More specific examples (a non-exhaustive list) of the computer readable storage medium can include the following: a portable computer diskette, a hard disk, a random access memory (RAM), a read-only memory (ROM), an erasable programmable read-only memory (EPROM or Flash memory), a portable compact disc read-only memory (CD-ROM), a digital versatile disc (DVD), a Blu-ray disc, an optical storage device, a magnetic tape, a Bernoulli drive, a magnetic disk, a magnetic storage device, a punch card, integrated circuits, other digital processing apparatus memory devices, or any suitable combination of the foregoing, but would not include propagating signals. In the context of this document, a computer readable storage medium may be any tangible medium that can contain, or store a program for use by or in connection with an instruction execution system, apparatus, or device.
Computer program code for carrying out operations for aspects of the present disclosure may be written in any combination of one or more programming languages, including an object oriented programming language such as Java, Python, C++ or the like and conventional procedural programming languages, such as the “C” programming language or similar programming languages. The program code may execute entirely on the user's computer, partly on the user's computer, as a stand-alone software package, partly on the user's computer and partly on a remote computer or entirely on the remote computer or server. In the latter scenario, the remote computer may be connected to the user's computer through any type of network, including a local area network (LAN) or a wide area network (WAN), or the connection may be made to an external computer (for example, through the Internet using an Internet Service Provider).
Reference throughout this specification to “one embodiment,” “an embodiment,” or similar language means that a particular feature, structure, or characteristic described in connection with the embodiment is included in at least one embodiment of the present disclosure. Thus, appearances of the phrases “in one embodiment,” “in an embodiment,” and similar language throughout this specification may, but do not necessarily, all refer to the same embodiment, but mean “one or more but not all embodiments” unless expressly specified otherwise. The terms “including,” “comprising,” “having,” and variations thereof mean “including but not limited to” unless expressly specified otherwise. An enumerated listing of items does not imply that any or all of the items are mutually exclusive and/or mutually inclusive, unless expressly specified otherwise. The terms “a,” “an,” and “the” also refer to “one or more” unless expressly specified otherwise.
Furthermore, the described features, structures, or characteristics of the disclosure may be combined in any suitable manner in one or more embodiments. In the following description, numerous specific details are provided, such as examples of programming, software modules, user selections, network transactions, database queries, database structures, hardware modules, hardware circuits, hardware chips, etc., to provide a thorough understanding of embodiments of the disclosure. However, the disclosure may be practiced without one or more of the specific details, or with other methods, components, materials, and so forth. In other instances, well-known structures, materials, or operations are not shown or described in detail to avoid obscuring aspects of the disclosure.
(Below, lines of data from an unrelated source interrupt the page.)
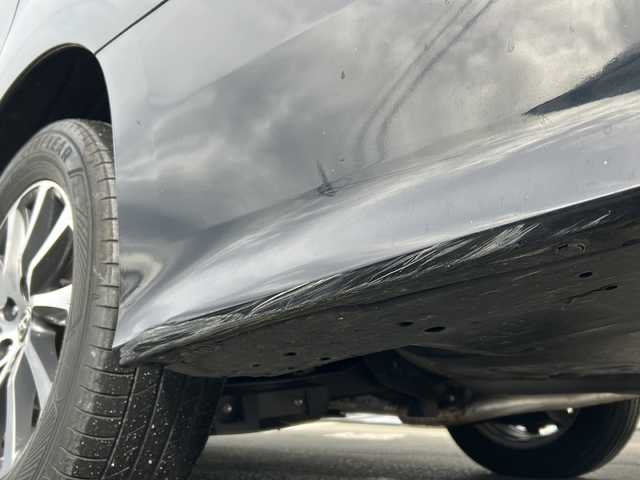 トヨタ ヴェルファイア ハイブリット ZR Gエディション 岩手県 2018(平30)年 5.6万km ブラック 純正ナビ（FM、AM、CD、DVD、BT）/フルセグテレビ/バックカメラ/ETC２．０/純正フリップダウンモニター/クルーズコントロール追従有/メモリシート/全席パワーシート/前方ドライブレコーダー/ステアリングヒーター/電動リアゲート/前後コーナーセンサー/衝突軽減システム/純正フルエアロ/横滑り防止装置/両側パワースライドドア/オットマン/１００V充電/純正フロアマット/純正１７AW/LEDオートライト/オートマチックハイビーム/ダブルサイドエアバック/カーテンエアバック/保証書、取扱説明書/スペアキー（１本）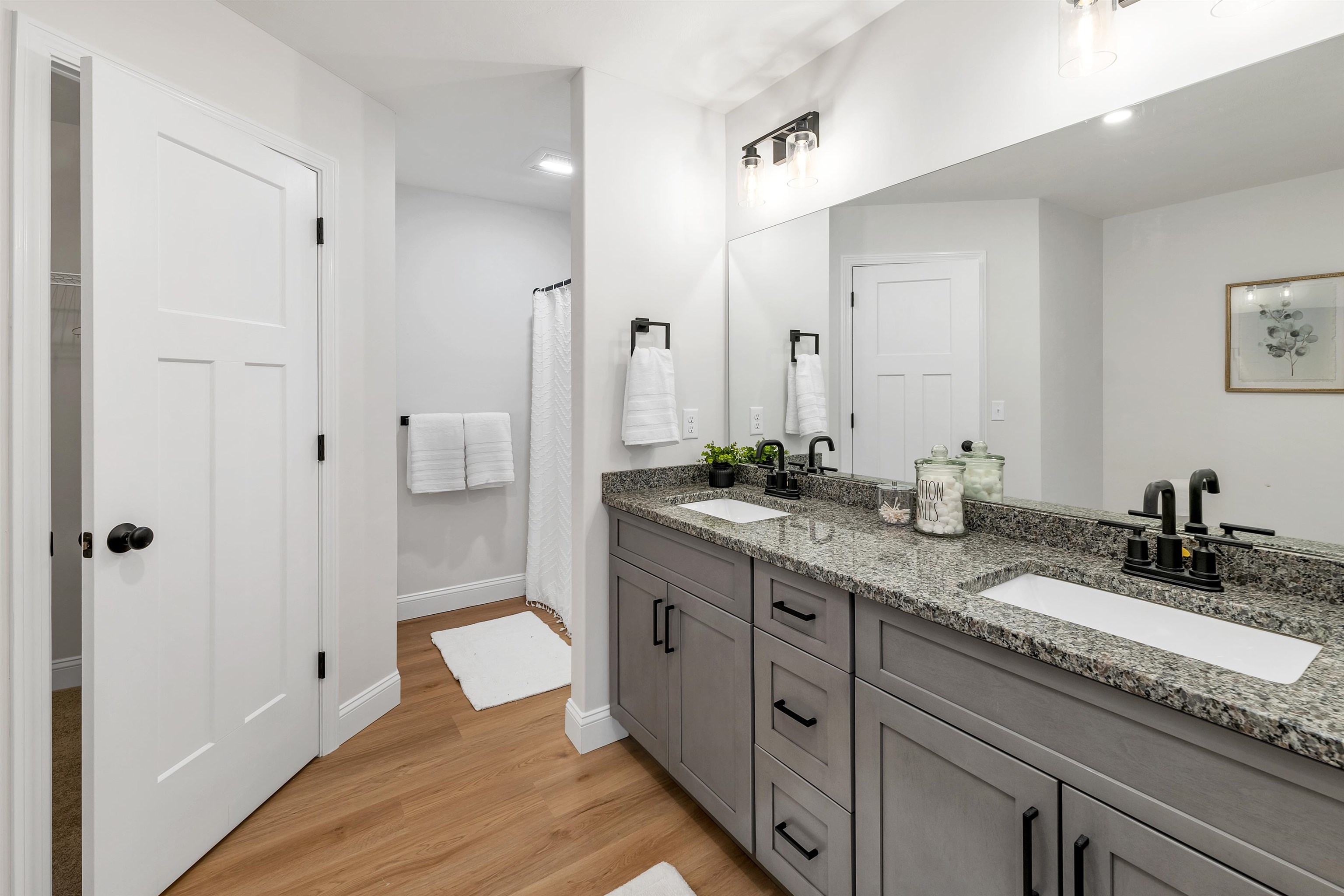 Litchfield, New Hampshire, 03052, United States, 3 Bedrooms Bedrooms, ,2 BathroomsBathrooms,Residential,For Sale,1786449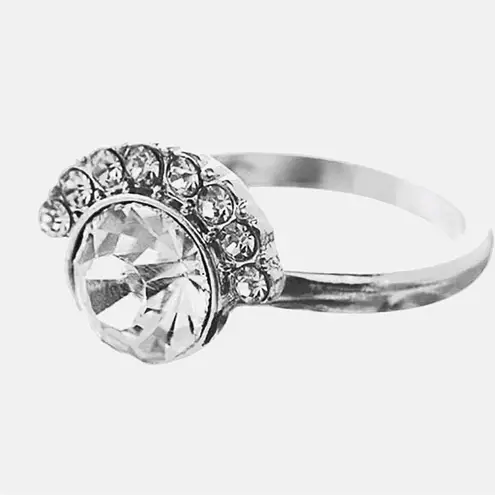 Boutique NEW Women's 2 ct 925 Silver Half Moon Solitaire Simulated Diamond Ring, Size 7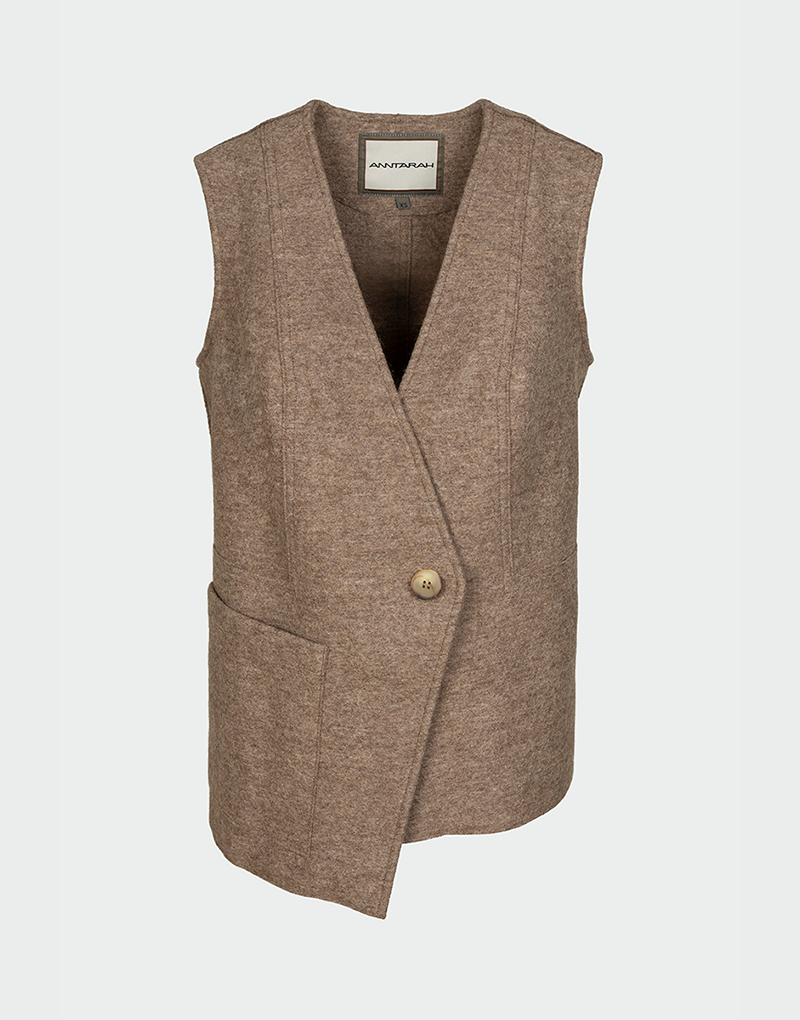 Ema Vest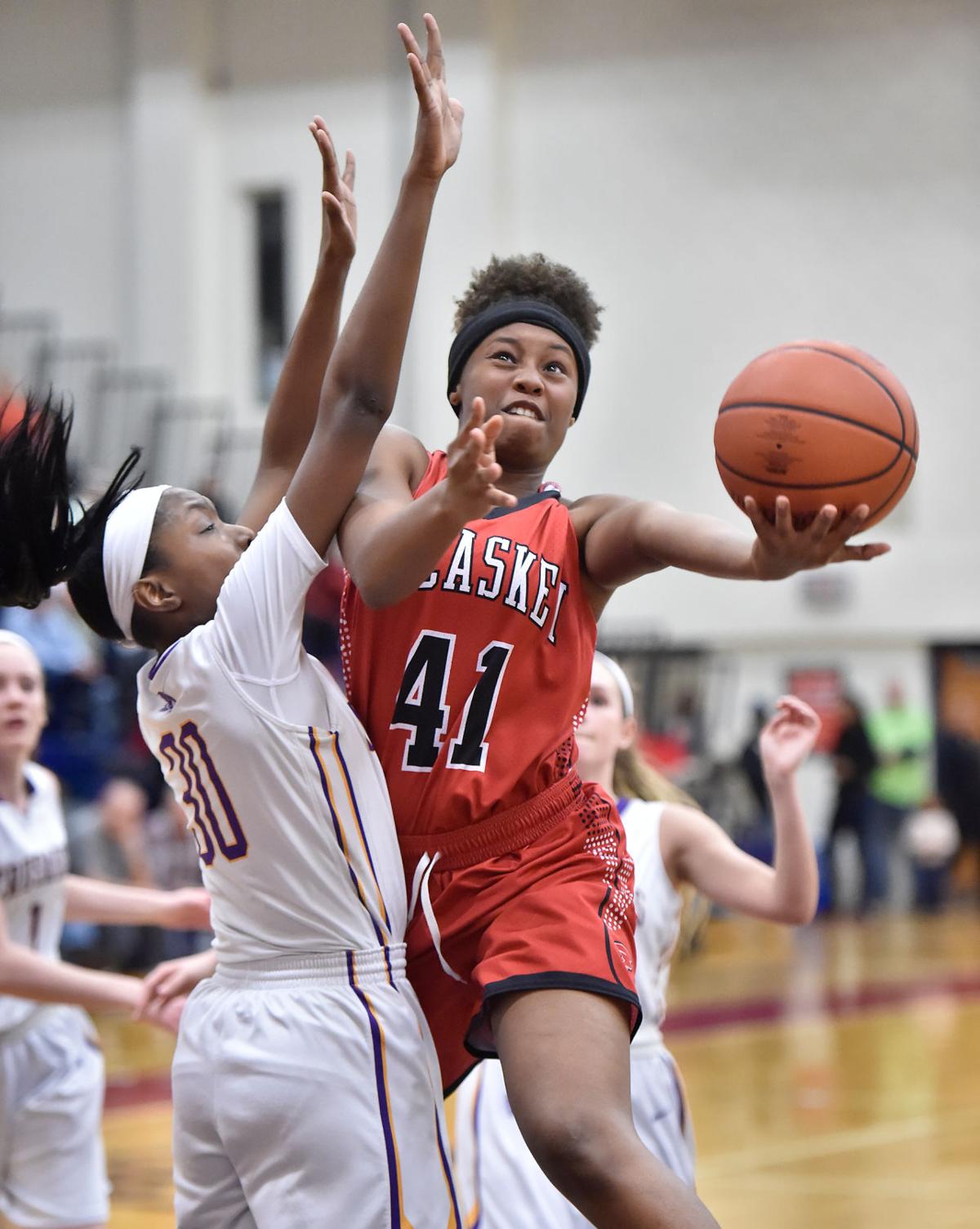 Short Hits Winner With 3 Seconds Left As Mccaskey Girls Top
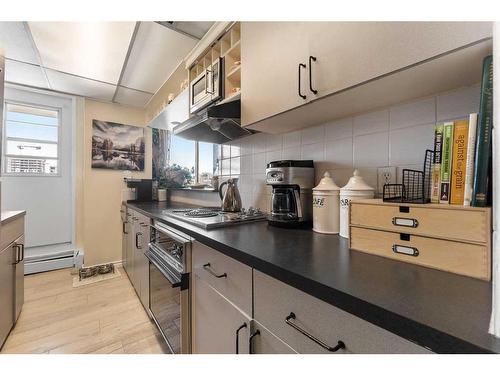 701-215 14 Avenue Sw, Calgary, AB - Indoor Photo Showing Kitchen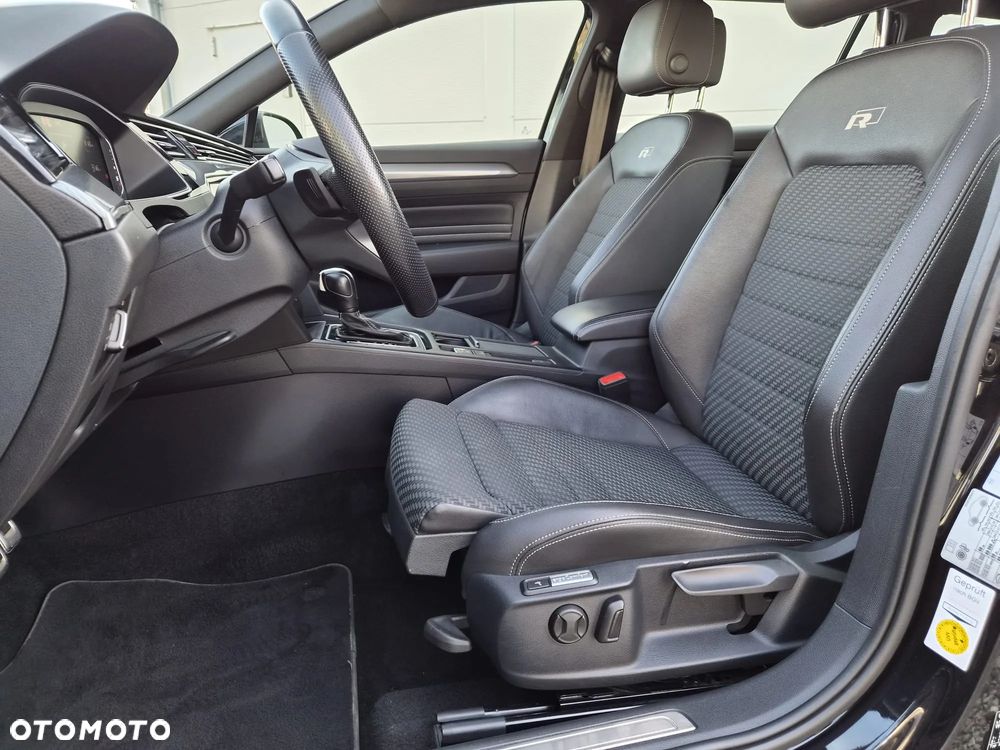 Volkswagen Passat - 11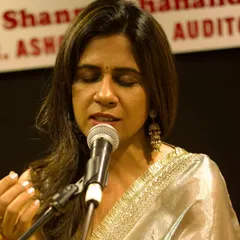A close-up of the artist, lost in her music during the "Phir Le Aayi Dil" show. Her expressive performance connected deeply with everyone in the audience, making for a truly magical evening.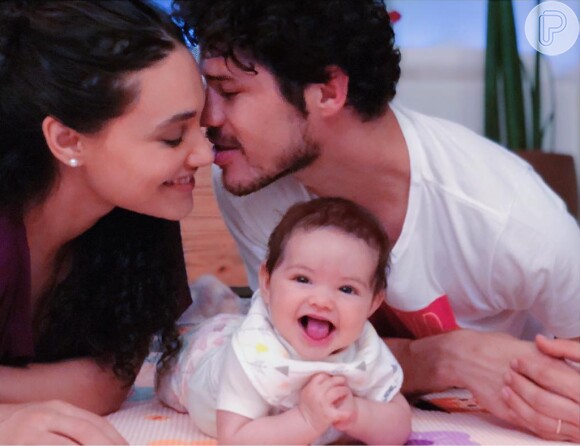 Débora Nascimento e José Loreto estão encantados com a pequena Bella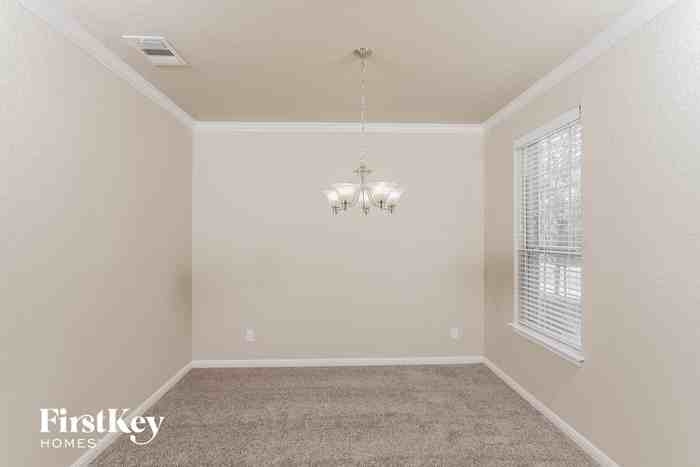 1715 Cedric Ln - Photo 3 of 14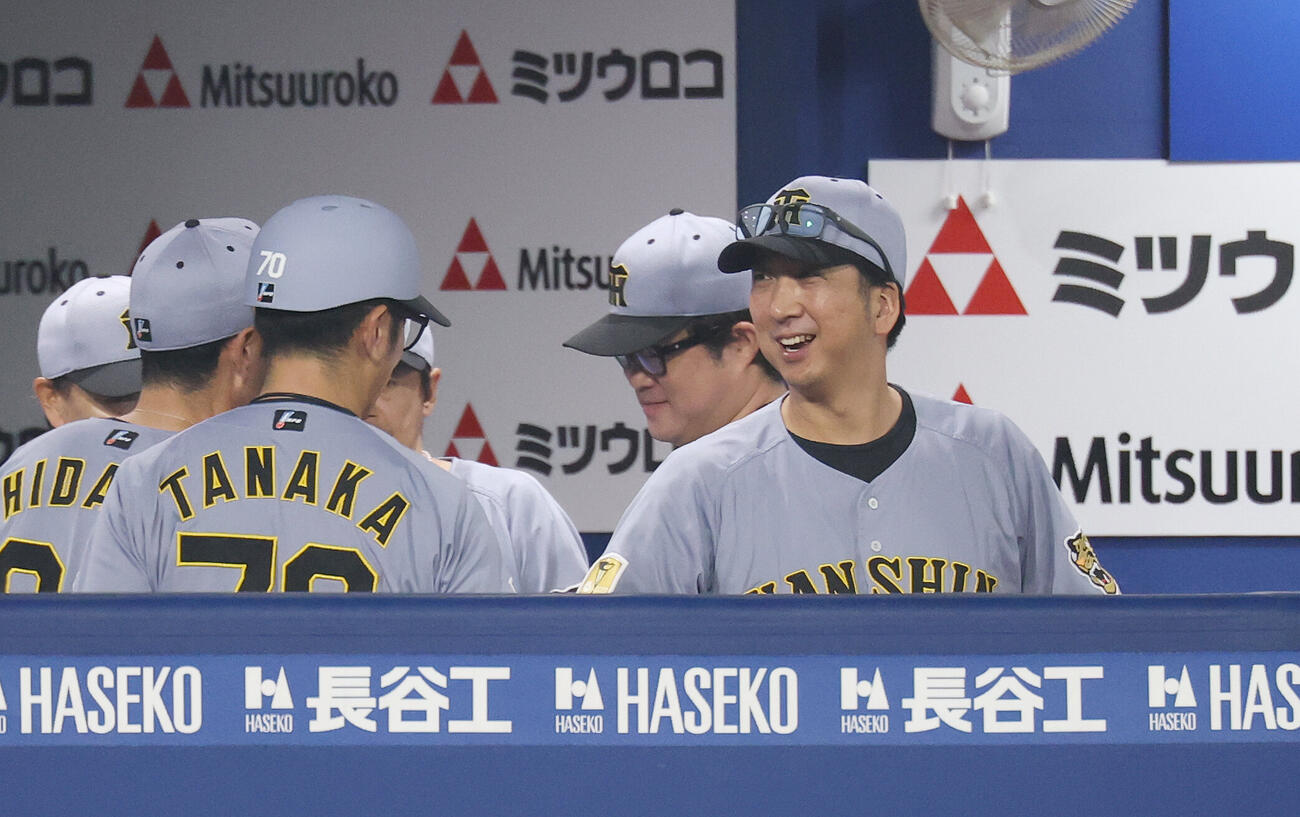 DeNA対阪神　DeNAに勝利し笑顔を見せる阪神藤川球児監督（撮影・宮地輝）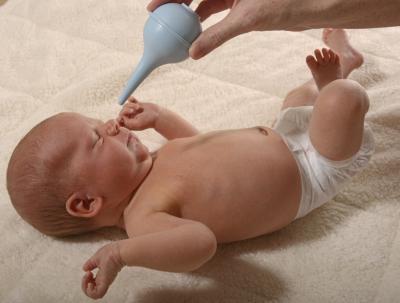 Защо новородено кихане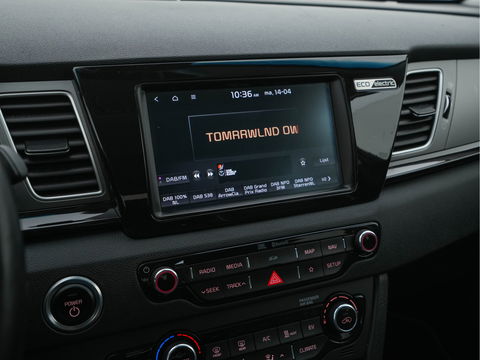 Kia e-Niro ExecutiveLine 64 kWh (INCL-BTW) Aut. *FULL-LEATHER | JBL-AUDIO | FULL-LED | NAVI-FULLMAP | DAB | ADAPTIVE-CRUISE | CAMERA | MEMORY-PACK | LANE-ASSIST | KEYLESS | DIGI-COCKPIT | TOWBAR | CCS-FASTLOADER | 17"ALU*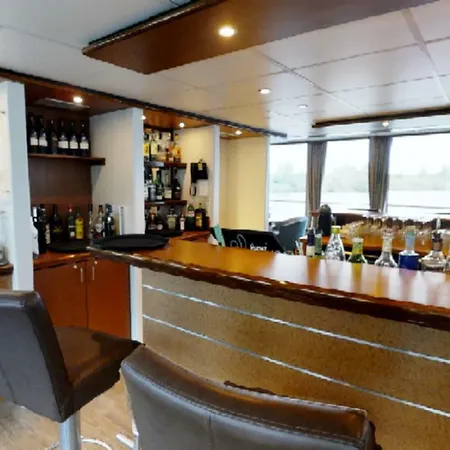 Baxter Hoare Ship Botel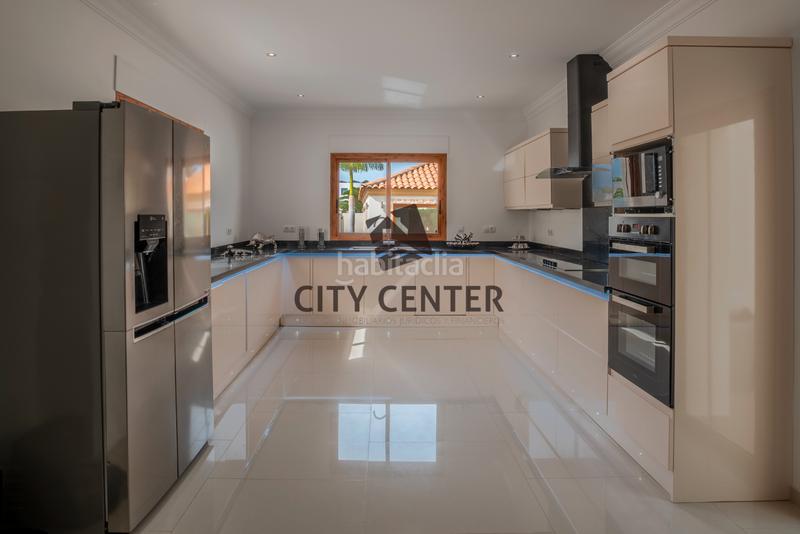 Foto 892e9813-b5b7-4fca-aa46-b5c061be9374. Xalet amb aparcament piscina a La Caleta Adeje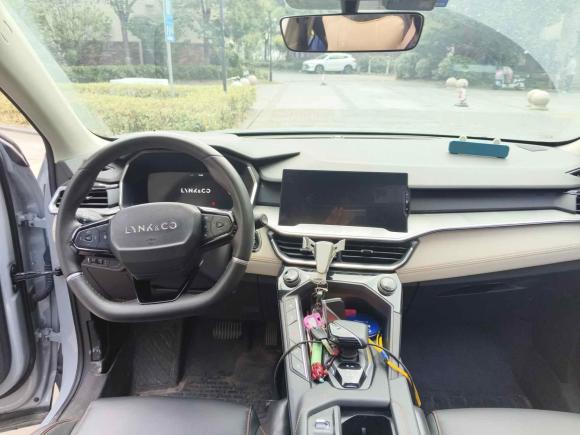 [上海·沪A] 二手领克领克06新能源2022款 PHEV 84KM续航版 Pro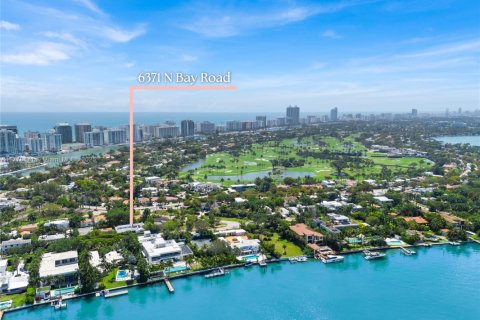 Villa ou maison à vendre à Miami Beach, Floride: 6 chambres, 464.33 m2 № 2059684 - photo 20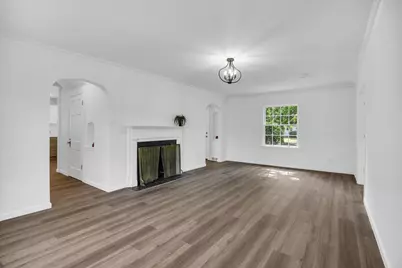 1212 W Healey Street, Champaign, IL 61821 - Photo 12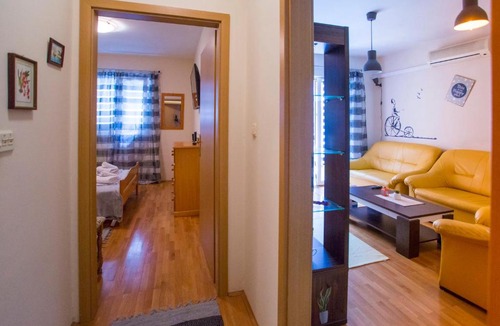 Makarska Old Town Apartment | APARTMAN "HIT"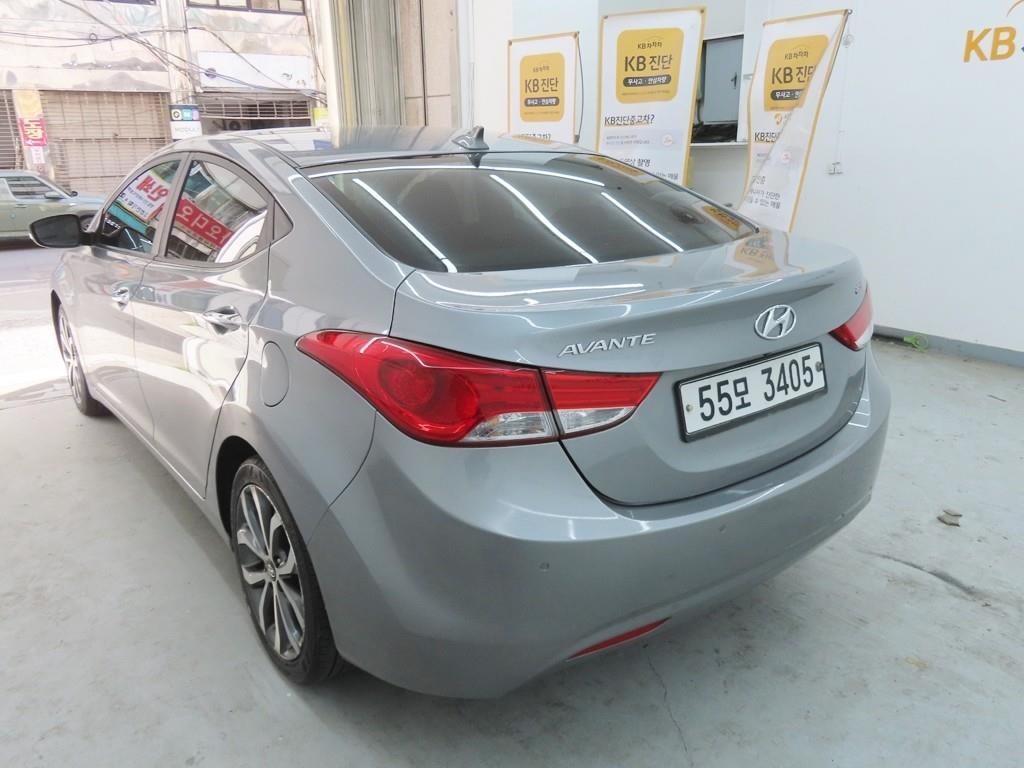 HYUNDAI Avante - Vista 4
Aspects of the present disclosure are described below with reference to schematic flowchart diagrams and/or schematic block diagrams of methods, apparatuses, systems, and computer program products according to embodiments of the disclosure. It will be understood that each block of the schematic flowchart diagrams and/or schematic block diagrams, and combinations of blocks in the schematic flowchart diagrams and/or schematic block diagrams, can be implemented by computer program instructions. These computer program instructions may be provided to a processor of a general purpose computer, special purpose computer, or other programmable data processing apparatus to produce a machine, such that the instructions, which execute via the processor of the computer or other programmable data processing apparatus, create means for implementing the functions/acts specified in the schematic flowchart diagrams and/or schematic block diagrams block or blocks.
These computer program instructions may also be stored in a computer readable storage medium that can direct a computer, other programmable data processing apparatus, or other devices to function in a particular manner, such that the instructions stored in the computer readable storage medium produce an article of manufacture including instructions which implement the function/act specified in the schematic flowchart diagrams and/or schematic block diagrams block or blocks.
The computer program instructions may also be loaded onto a computer, other programmable data processing apparatus, or other devices to cause a series of operational steps to be performed on the computer, other programmable apparatus or other devices to produce a computer implemented process such that the instructions which execute on the computer or other programmable apparatus provide processes for implementing the functions/acts specified in the flowchart and/or block diagram block or blocks.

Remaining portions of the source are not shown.